Killian was my first so I never thought anything was wrong with him. He never acted like a normal baby. He was always quiet and never got into anything. Always kept to himself, figuring out how things work. He got his first car at 6 months and has been obsessed since. He knew which way was forward and backward. Still to this day he has to have his cars in his hand at all times, even when he sleeps. He also lines his cars up in a perfect little line (you do not dare touch them).
When he about 14 months, this is when I knew something was not right. He still could not say a word, understand anything you say (yeah, he gave you this look like you are crazy), and his tantrums were becoming violent.
Killian now has a 1 word vocabulary of about 20 words. He still does not understand. There are certain noises he is afraid of and does not like the feeling of falling. He has tantrums about 90% of the day and that consist of hitting himself in the face or head while biting his hand or hitting me. These episodes last 10 minutes up to 2 hours.

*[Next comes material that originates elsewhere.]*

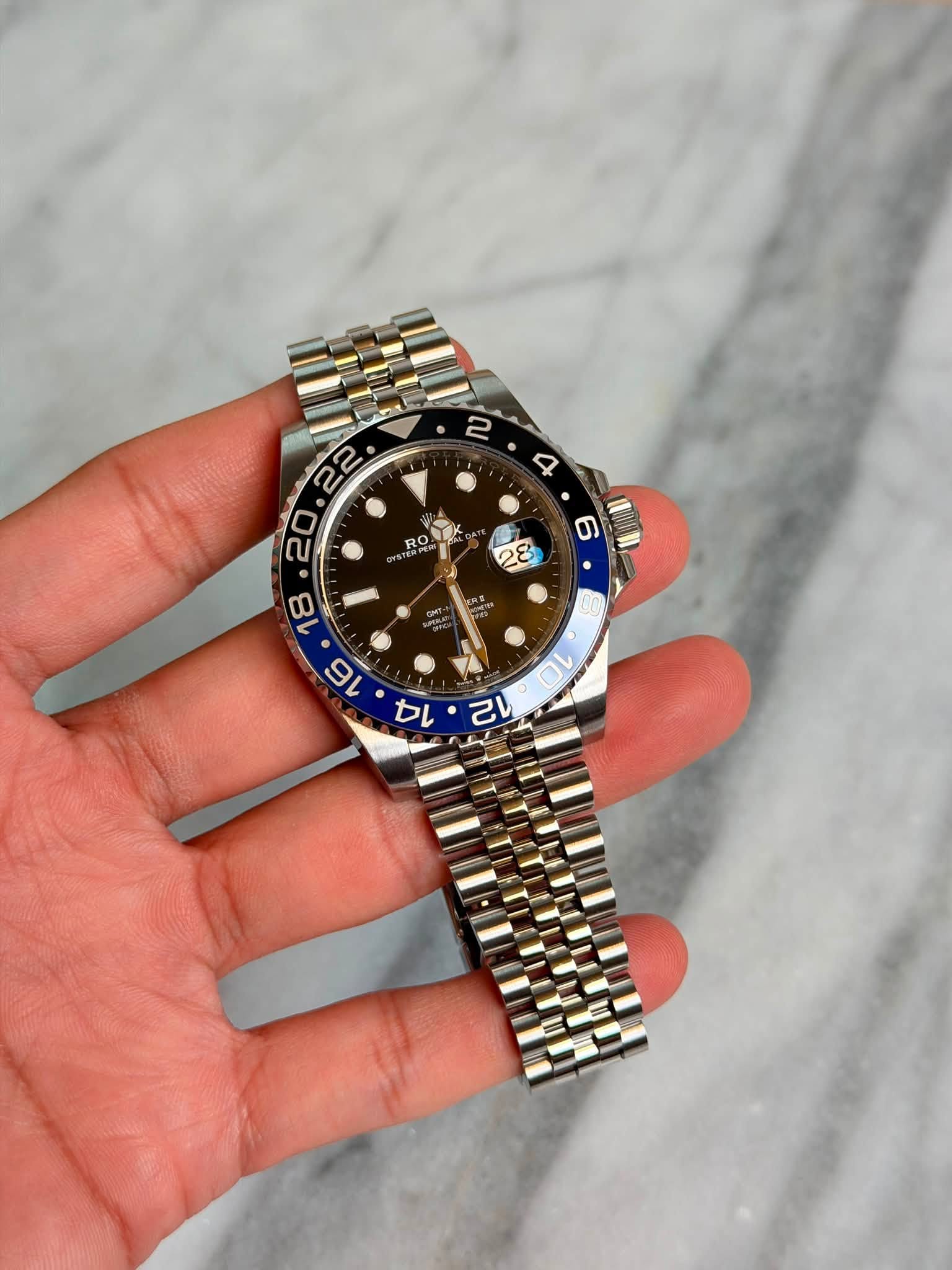 May be an image of wrist watch and text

It is hard to deal with his tantrums. Especially, in public. I have had numerous people come to me and tell me how unfit I was as a mother, my child is a spoiled brat, or all your son needs is discipline. I hear this about everyday. I see everyone pointing and snickering towards me. I break. I crumble almost everyday. I think it is mostly because it is out of my hands. I have no control at all. I feel helpless and it hurts to see my son being tortured and all I can do is watch.
Nights like last night remind me of how beautiful he is. He is extremely smart for his age and he is very loving. Even though he does not tell me, he shows me his love. I am happy he is not ordinary, that would be too boring. I know he will have the same chances as other children do.
Killian is my storm. He is unpredictable and you have no control but he is full of beauty. There is nothing I would change.